I have been working with a large financial services company on a “big data” project. Let me qualify the term “big data” for the purpose of this discussion. We are talking of dealing directly with about 10 million records and indirectly about 100 million records. The direct records (approximately 10 million) are those that are of interest to the organization or group I work with. The indirect records (approximately 100 million) is the entire universe of records available that impact our subset in a meaningful manner, but are not directly relevant for our needs.
I understand that many readers will consider this volume of data to be puny within a “big data” framework. Regardless, the data set is large enough to be included in, and relevant to, issues other “big data” implementations might face.
Data usage in financial services industry presents very interesting and unique legal and regulatory challenges. For example, making a wrong identification of a customer and exposing bank account details to the wrong person is embarrassing at best (if you are really lucky).
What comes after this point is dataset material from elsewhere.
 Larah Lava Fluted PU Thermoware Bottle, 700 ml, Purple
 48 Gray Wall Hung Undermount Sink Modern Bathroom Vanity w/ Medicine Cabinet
More likely, it will result in a huge lawsuit accompanied by tons of extremely damaging negative publicity. This is before the regulators start investigating you and slapping fines all over the place.
There is no such downside if a search engine mistakenly thinks I am a 16 year old girl from Mumbai, India and shows me banner ads for the latest Bollywood blockbuster playing in a local theater. There is no real harm done apart from a lost click through opportunity. In case you are wondering, I am not a girl. I live about 10,000 miles from Mumbai. And most importantly, I am a few decades removed from when I was 16.
Yet, at a fundamental level, they are both trying to do the same thing using big data – find the right customer or user so that they can share meaningful data with them. It is entirely possible that they are using similar technologies, techniques and algorithms to determine the identity of the person who is interacting with them. It is the potential downside associated with a false identification when working with regulated industries like financial services and health care that makes working with large data sets in these environments orders of magnitudes more complex than just the technical challenges.
The real world problems we are dealing with as we attempt to identify the ONE right user from a list of 100 million potential candidates are as follows:
- Bad Data – misspelled names, improper addresses, bogus phone numbers, “Mickey Mouse” email addresses and a whole host of similar data entry errors (inadvertent and intentional)
- Incomplete Data – missing contact information, phone numbers, email addresses and so on
- Duplicate Entries – multiple records referring to the same person or entity
- Related Entries – seemingly duplicate entries but valid because the context is different. For example, a person who is a purchasing agent for a company and also a direct customer of the firm.
None of the above are hugely problematic for a search engine attempting to establish the identity of a person. They can afford to get a small percentage of their identities wrong with no meaningful impact to their bottom lines, reputations or business. However, the industries I am talking about have to get them right every single time.
So, how did we solve the problem? Without getting into the details of all the fuzzy logic and probabilistic algorithms to make an identification, we use human beings as the arbiter of last resort. This is not going to be a revelation to readers who work in regulated or highly sensitive environments. But it might sound practically medieval for “big data” mavens from other environments.
Simply put, if we are not absolutely sure who we are dealing with, we ask a human actor to intervene and make the right choice. Will they always make the right decision? No. But humans are still way better at fuzzy logic than the technologies and algorithms we use today. That may change in the future but for now there is still no substitute for a human.
Machines are great at sifting through 100 million records to get you a list of 5, 10 or even 100 possible matches in microseconds. That would be an impossible task for any human to do. But we humans are still way better at picking the ONE out of 5 or 10 where there are just subtle differences between the records unique to each result set than any algorithm out there today.
This is why a search engine mistakes me for a 16 year old girl from Mumbai while the combination of machines and humans knows who I really am, when it really matters, at our financial services firm.